Ottavio Cappellani, La Sicilia, 20 VIII 2023
L’eresia della bellezza, Antonio Presti non si arrende: «La mia vita fuori norma»
Tra rabbia e gratitudine: «L’albergo-museo di Tusa dichia- rato non a norma dai carabinieri del Nas? – Adesso non lo riapro, ne faccio una questione di etica, di gratitudine»
Ma sai… il museo albergo non è una bottega… non è che… la chiudi, poi la riapri». Il tono della voce, per chi conosce Antonio – laddove Antonio è Antonio Presti, imprenditore e mecenate visionario, poeta di bellezza e di impegno sociale – non è quello di sempre. Parla a frasi smozzicate, come chi sta ancora cercando di mettere ordine nei propri pensieri. Parliamo dell’albergo-museo, a Castel di Tusa, per chi non lo conoscesse (ma c’è ancora qualcuno che non lo conosce?) una emanazione della Fiumara d’Arte, uno dei più grandi e famosi parchi d’arte al mondo, costruito dall’artista-mecenate lungo gli argini del fiume Tusa: dodici opere monumentali che hanno di fatto portato all’attenzione mondiale buona parte della costa nord della Sicilia. Parliamo di nomi come Tano Festa (“La finestra sul mare”), Pietro Consagra (“La materia poteva non esserci”), Hidetoshi Nagasawa (“La stanza della barca d’oro). «Forse un po’ di ingratitudine da parte del territorio…», dice ancora. Lo sento deluso, ferito: «Alla mia età, dopo quello che ho fatto…».
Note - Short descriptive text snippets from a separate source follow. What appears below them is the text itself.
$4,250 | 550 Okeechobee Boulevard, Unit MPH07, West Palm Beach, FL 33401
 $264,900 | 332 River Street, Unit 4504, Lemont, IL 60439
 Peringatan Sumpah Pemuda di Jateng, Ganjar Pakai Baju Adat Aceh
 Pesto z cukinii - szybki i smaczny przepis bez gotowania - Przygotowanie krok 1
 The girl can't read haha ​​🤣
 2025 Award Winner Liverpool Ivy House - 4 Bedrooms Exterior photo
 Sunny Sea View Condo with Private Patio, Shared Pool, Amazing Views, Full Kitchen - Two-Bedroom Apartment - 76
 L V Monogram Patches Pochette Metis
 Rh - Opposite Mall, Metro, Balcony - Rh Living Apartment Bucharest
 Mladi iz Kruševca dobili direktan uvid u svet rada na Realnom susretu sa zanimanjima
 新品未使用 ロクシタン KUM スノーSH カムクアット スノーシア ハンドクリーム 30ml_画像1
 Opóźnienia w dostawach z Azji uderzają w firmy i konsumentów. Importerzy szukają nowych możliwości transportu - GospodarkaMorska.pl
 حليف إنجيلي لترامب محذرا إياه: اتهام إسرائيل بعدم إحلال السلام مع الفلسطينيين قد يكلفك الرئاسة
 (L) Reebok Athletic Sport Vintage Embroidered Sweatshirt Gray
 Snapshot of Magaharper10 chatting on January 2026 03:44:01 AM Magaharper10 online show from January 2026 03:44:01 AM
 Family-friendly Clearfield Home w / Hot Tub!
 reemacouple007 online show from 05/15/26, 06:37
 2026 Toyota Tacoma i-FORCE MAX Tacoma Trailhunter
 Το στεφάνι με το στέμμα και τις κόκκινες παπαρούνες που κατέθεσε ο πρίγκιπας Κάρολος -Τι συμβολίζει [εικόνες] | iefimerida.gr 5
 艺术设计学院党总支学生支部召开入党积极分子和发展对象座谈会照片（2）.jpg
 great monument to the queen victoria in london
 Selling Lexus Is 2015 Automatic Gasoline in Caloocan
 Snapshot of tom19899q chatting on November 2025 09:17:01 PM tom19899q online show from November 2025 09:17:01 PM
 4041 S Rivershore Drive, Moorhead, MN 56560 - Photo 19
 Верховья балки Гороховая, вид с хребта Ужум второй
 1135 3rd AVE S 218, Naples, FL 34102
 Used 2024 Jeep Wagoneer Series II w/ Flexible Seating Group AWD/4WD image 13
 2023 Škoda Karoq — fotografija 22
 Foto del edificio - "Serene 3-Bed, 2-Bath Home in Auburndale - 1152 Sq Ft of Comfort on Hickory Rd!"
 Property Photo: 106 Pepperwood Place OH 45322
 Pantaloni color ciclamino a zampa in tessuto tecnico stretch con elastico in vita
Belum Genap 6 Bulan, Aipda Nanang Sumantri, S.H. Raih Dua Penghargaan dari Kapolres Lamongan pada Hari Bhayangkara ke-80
Dopo un controllo dei Nas il museo-albergo non è risultato a norma. Sono stati fatti i lavori per chiedere un’apertura temporanea in corso d’opera, ma il Comune non ha ritenuto idonee e legali le proposte alternative. Così Antonio ha serrato, ha chiuso la porta. Io me lo immagino alle prese con le cassette dei water, con i tubi, glielo dico. Gli scappa una risata: «Ma ti rendi conto?». Mi rendo conto. Stiamo parlando di Antonio Presti, che ha tirato su, a Motta d’Affermo, una piramide di trenta metri, opera di Mauro Staccioli, un tetaedro titanico cavo in acciaio corten. Perché non è la “sostanza” il tema della questione, ma la “forma”, alla quale Antonio ha dedicato la sua esistenza: «È un problema etico… di riconoscimento… per me l’etica è forma, estetica». È stato come se il brutto irrompesse nel bello violandolo; non le norme, per carità, forse una certa algidità burocratica. «È stato come se sentissi un diniego altro, che non stava nelle cose», dice ancora, mentre nei corridoi vuoti echeggiano assordanti le voci e i gesti di chi ha voluto creare quelle stanze d’artista: Vincenzo Consolo, Raoul Ruitz, Danielle Mitterand, Paolo Ceroli, solo per citarne alcuni. Le stanze-opere svuotate di senso, senza visitatori, che diventavano essi stessi parte dell’opera per problemi di tubazioni, scarichi, roba del genere: sì, decisamente, il problema chiedeva di essere affrontato in maniera diversa.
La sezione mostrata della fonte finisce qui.